Top 5 Customer Service Links for 12-7-09
Grab a cup of coffee, sit back and enjoy the five best customer service posts from the last week. On me. 🙂 This week, many articles focused on the basics: what is frustrating to a customer and how can you build better relationships so that when frustrating experiences occur, the customers don’t walk?:
- In a recent survey, Aurix named the biggest call center frustrations from customers. Some aren’t a surprise, and some are telling about company’s upselling practices:
The lists of complaints included “impolite” and “nasty behavior,”
“tactlessness” and “obvious efforts to sell products while evading
answers to pertinent questions.”
- In another telling survey, Forrester’s Andrew McInnes reported that most customers expect poor customer service experiences as a matter of course. Not surprisingly, the lowest marks were in computers and health insurance policies, where
only 30% of consumers expected customer service to be easy. It’s hard not to add a “C’mon, folks; we can do better than THIS” comment to this report.

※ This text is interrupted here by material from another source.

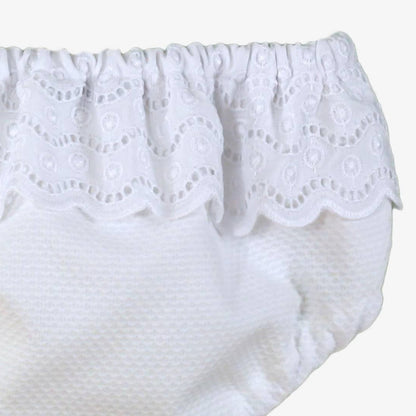 Braguita bebé blonda blanca  Miranda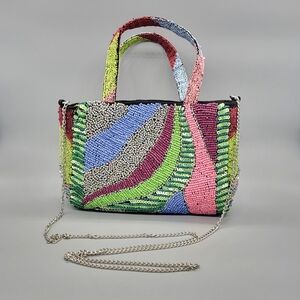 Parfois Magician Beaded/Sequin Multicolor Mini Tote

- Fortunately, Bill Self in the Thinking Like a Customer blog addresses the issue, not with generalities but by citing examples of companies “flying under the radar” and providing single-minded, narrowly-targeted customer service in specific markets. His solution? Lower your risk by getting close to your customers.
- Similarly, Brent Leary whipped out some stats to support the model of relationship-building with customers in a great post entitled It Takes a Village to Raise a Customer. Some telling statistics:
A recent survey commissioned by e-mail marketing provider Campaigner
found the top challenge facing small business owners today is customer
acquisition and retention — by a landslide. The 2009 State of Small Business Online Marketing Survey questioned
over 250 North American small business owners with 20 employees or
less. And customer acquisition/retention was the top business
challenge of 50 percent of those surveyed. Growing revenue was a
distant second with 15 percent, followed by improving cash flow and
maintaining profitability — at 9 percent and 8 percent respectively.
[bold mine] See that? The top business challenge was retaining customers. And since we know that customers make decisions based on service over price, beefing up customer service seems like a no-brainer, doesn’t it?
- Lest you take this week’s lovely link list for a customer service love-fest, check this out: Patrick Maguire recently launched a blog positing that the customer isn’t king–nor is she always right. ServerNotServant.com is his site, where he blogs chapters from his upcoming book as the “voice for service industry workers everywhere” and “a case for human-to-human service and civility.”